This verdict was the ending of an elaborate game designed by John Bolton National Security Advisor of the United States and Mike Pompeo, carried out by the Britain government. 

With seizing the tanker, Bolton was trying to put psychological and political pressures on Iran and force other countries to form a consensus against Iran, but he couldn’t fulfill any of these goals. 

Iran’s firm, logical and wise answer to the seizure of Grace 1 (like making solid legal arguments) and the seriousness of our country’s armed forces in giving a proper response to Britain’s contemptuous act, made the White House lose the lead on reaching its ends. 

Washington imagined that the seizure of Grace 1 will become Trump’s winning card against Iran, but the release of the tanker (despite disagreement of the U.S.) became another failure for the White House in dealing with Iran.  

Obviously, London was also a total loser in this game. It is worth noting that U.S. was so persistent about keeping the oil tanker in custody that John Bolton traveled to London and insisted on British officials to continue the seizure of the ship. Their failure, however, clearly shows that the White House and its traditional ally, Britain, have lost a big part of their power in their relations with Iran. 

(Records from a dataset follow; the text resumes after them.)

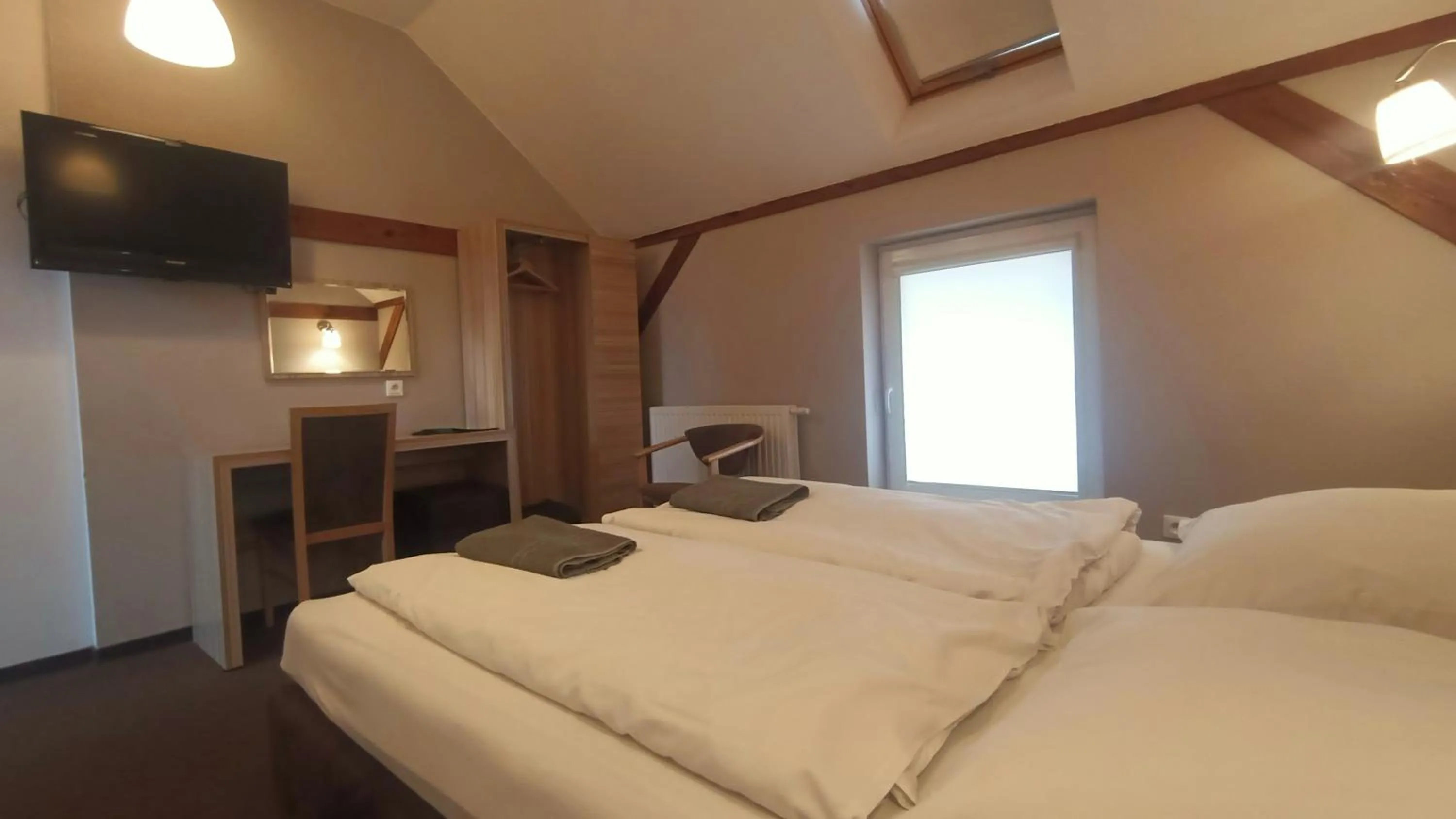 Photo of the whole room, Bed in Folwark Na Półwyspie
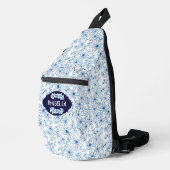 Personalisierter Name Weiblich Blaues Blumenmuster Crossbody Bag (Rechte Ecke)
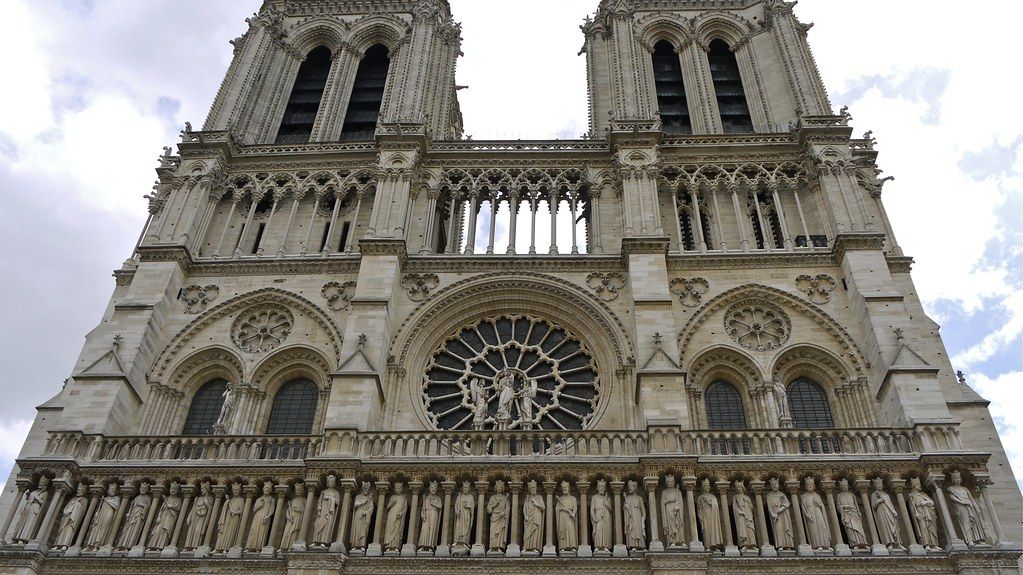 Pollution au plomb: le parvis de Notre-Dame de Paris fermé provisoirement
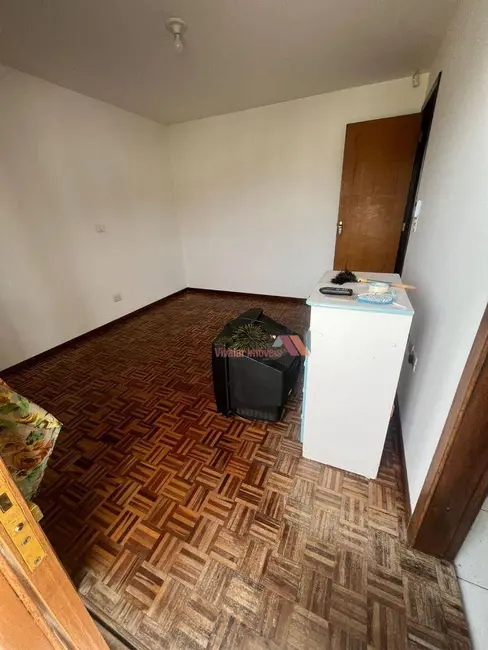 Sobrado com 3 quartos à venda, 104m2 em Iguaçu, Araucaria - PR - imagem 5 Foto 5 de Sobrado com 3 quartos à venda, 104m2 em Iguaçu, Araucaria - PR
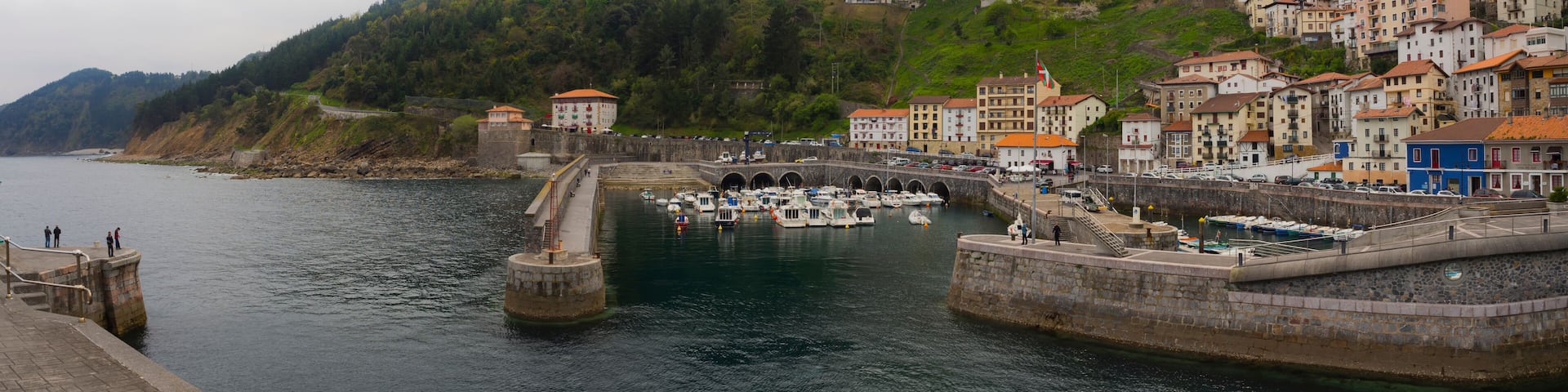 Elantxobe, en la costa de Vizcaya, País Vasco, España, vacaciones en la primavera de abril de 2017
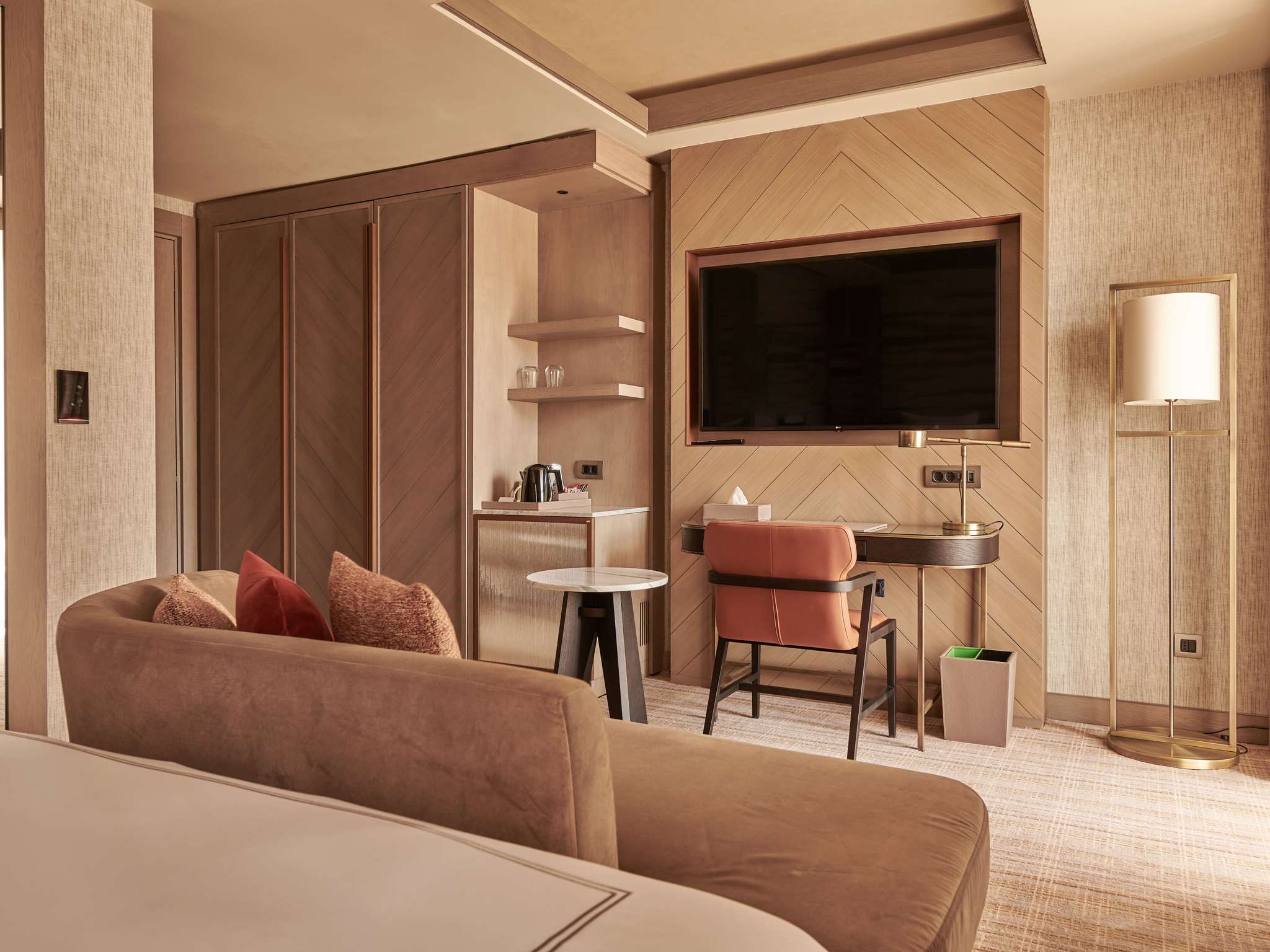 Double Deluxe King Bed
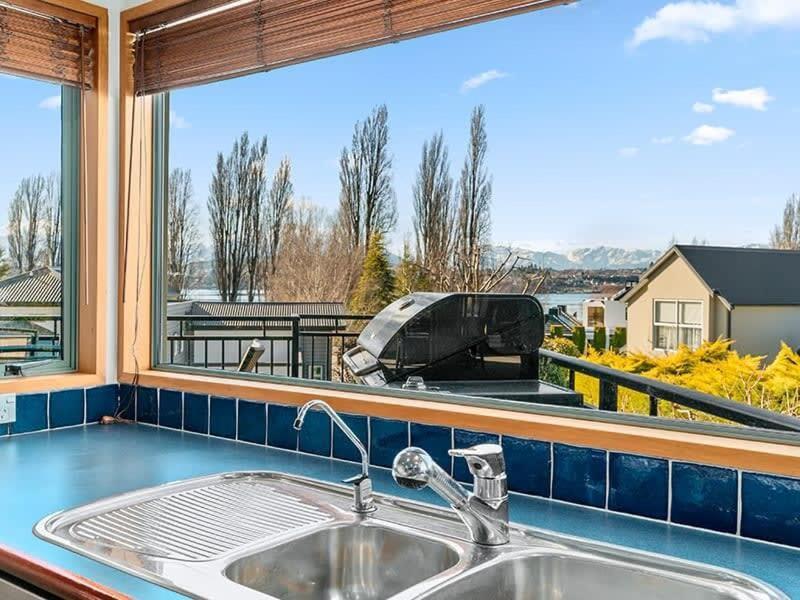 Lake View Villa Wanaka Exterior photo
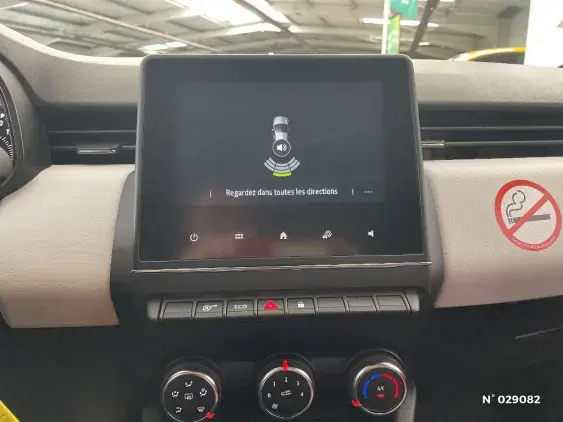 RENAULT CLIO V - voiture d'occasion - Photo 14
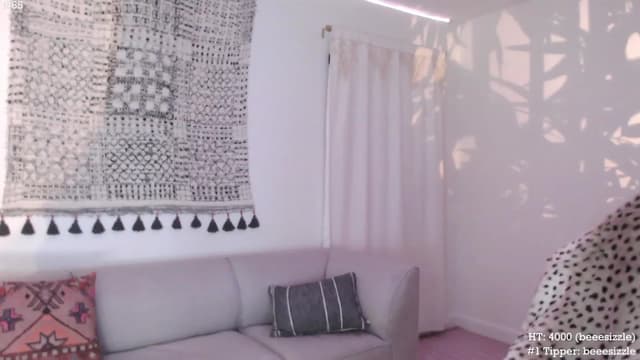 Gallery image thumbnail from Marie's myfreecams stream on, 11/22/2022, 03:47 image 12 of 20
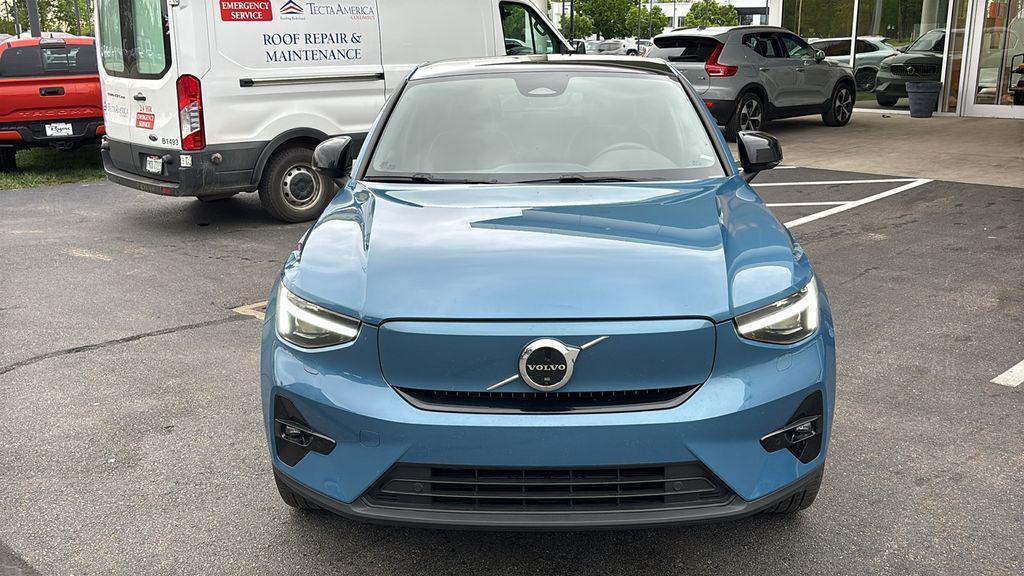used 2023 Volvo C40 Recharge Pure Electric car, priced at $28,900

Clearly, the illegal seizure of the Iranian oil tanker by Britain proceeded by the seizure of a British tanker by Iran and the following interactions between the two countries is not the whole story and there is more to it that will be revealed in coming days. 

What we know for sure is that London has to pay for its recent anti-Iran plot in order to satisfy Washington; the smallest of these consequences was that Britain lost some of its legal credibility in international arena as it illegally captured an Iranian oil tanker. 

The order of the Gibraltarian court revealed that London had no legal right to seize the Iranian oil tanker and nobody can defend this unlawful action. Surely, Iran will take all necessary legal actions to further pursue the matter.  

In this situation, the Islamic Republic of Iran is firm on its position that it doesn’t have to follow the sanctions imposed by the European Union on other countries (including Syria). 

No entity can undermine this argument as it is based on legal terms; therefore, Iran will keep supporting Syrian nation and government to fight terrorism. This is the strategic policy of the Islamic Republic and will not be changed under the pressure or influence of any other third country. 

Finally, it should be noted that the release of Grace 1 oil tanker was not only a legal and political failure for Washington and London and their allies but it was also a strategic failure. Undoubtedly, the vast consequences of this failure will be revealed in near future.